_DATASET RECORDS_
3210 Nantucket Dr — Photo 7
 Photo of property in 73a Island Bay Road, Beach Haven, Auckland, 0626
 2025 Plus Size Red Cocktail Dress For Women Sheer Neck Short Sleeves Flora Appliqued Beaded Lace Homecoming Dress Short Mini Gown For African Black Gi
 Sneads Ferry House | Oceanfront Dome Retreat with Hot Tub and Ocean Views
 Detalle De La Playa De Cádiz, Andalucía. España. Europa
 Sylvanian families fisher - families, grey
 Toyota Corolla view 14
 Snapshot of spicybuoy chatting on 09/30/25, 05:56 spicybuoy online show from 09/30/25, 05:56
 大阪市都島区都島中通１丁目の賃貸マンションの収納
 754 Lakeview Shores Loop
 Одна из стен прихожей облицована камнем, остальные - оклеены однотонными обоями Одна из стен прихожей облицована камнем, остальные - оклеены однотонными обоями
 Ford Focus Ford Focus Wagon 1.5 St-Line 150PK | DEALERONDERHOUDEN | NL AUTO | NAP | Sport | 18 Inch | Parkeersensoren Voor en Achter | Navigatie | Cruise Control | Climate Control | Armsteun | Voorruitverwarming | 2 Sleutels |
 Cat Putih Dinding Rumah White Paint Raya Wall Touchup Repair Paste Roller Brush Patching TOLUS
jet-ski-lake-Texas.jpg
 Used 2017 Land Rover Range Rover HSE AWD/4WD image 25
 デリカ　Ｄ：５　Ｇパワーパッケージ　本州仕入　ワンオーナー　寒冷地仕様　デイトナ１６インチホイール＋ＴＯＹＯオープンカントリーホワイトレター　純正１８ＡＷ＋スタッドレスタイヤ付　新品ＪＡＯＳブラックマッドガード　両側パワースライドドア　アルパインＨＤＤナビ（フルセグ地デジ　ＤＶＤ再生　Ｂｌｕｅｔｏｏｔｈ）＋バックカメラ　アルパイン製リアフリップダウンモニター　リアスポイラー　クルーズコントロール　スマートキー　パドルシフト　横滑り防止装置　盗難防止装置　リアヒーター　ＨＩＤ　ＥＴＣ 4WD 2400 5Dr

_TASK REQUIREMENTS_
All of the material above should be printed exactly as it appears.

_RESPONSE AREA_
3210 Nantucket Dr — Photo 7
 Photo of property in 73a Island Bay Road, Beach Haven, Auckland, 0626
 2025 Plus Size Red Cocktail Dress For Women Sheer Neck Short Sleeves Flora Appliqued Beaded Lace Homecoming Dress Short Mini Gown For African Black Gi
 Sneads Ferry House | Oceanfront Dome Retreat with Hot Tub and Ocean Views
 Detalle De La Playa De Cádiz, Andalucía. España. Europa
 Sylvanian families fisher - families, grey
 Toyota Corolla view 14
 Snapshot of spicybuoy chatting on 09/30/25, 05:56 spicybuoy online show from 09/30/25, 05:56
 大阪市都島区都島中通１丁目の賃貸マンションの収納
 754 Lakeview Shores Loop
 Одна из стен прихожей облицована камнем, остальные - оклеены однотонными обоями Одна из стен прихожей облицована камнем, остальные - оклеены однотонными обоями
 Ford Focus Ford Focus Wagon 1.5 St-Line 150PK | DEALERONDERHOUDEN | NL AUTO | NAP | Sport | 18 Inch | Parkeersensoren Voor en Achter | Navigatie | Cruise Control | Climate Control | Armsteun | Voorruitverwarming | 2 Sleutels |
 Cat Putih Dinding Rumah White Paint Raya Wall Touchup Repair Paste Roller Brush Patching TOLUS
jet-ski-lake-Texas.jpg
 Used 2017 Land Rover Range Rover HSE AWD/4WD image 25
 デリカ　Ｄ：５　Ｇパワーパッケージ　本州仕入　ワンオーナー　寒冷地仕様　デイトナ１６インチホイール＋ＴＯＹＯオープンカントリーホワイトレター　純正１８ＡＷ＋スタッドレスタイヤ付　新品ＪＡＯＳブラックマッドガード　両側パワースライドドア　アルパインＨＤＤナビ（フルセグ地デジ　ＤＶＤ再生　Ｂｌｕｅｔｏｏｔｈ）＋バックカメラ　アルパイン製リアフリップダウンモニター　リアスポイラー　クルーズコントロール　スマートキー　パドルシフト　横滑り防止装置　盗難防止装置　リアヒーター　ＨＩＤ　ＥＴＣ 4WD 2400 5Dr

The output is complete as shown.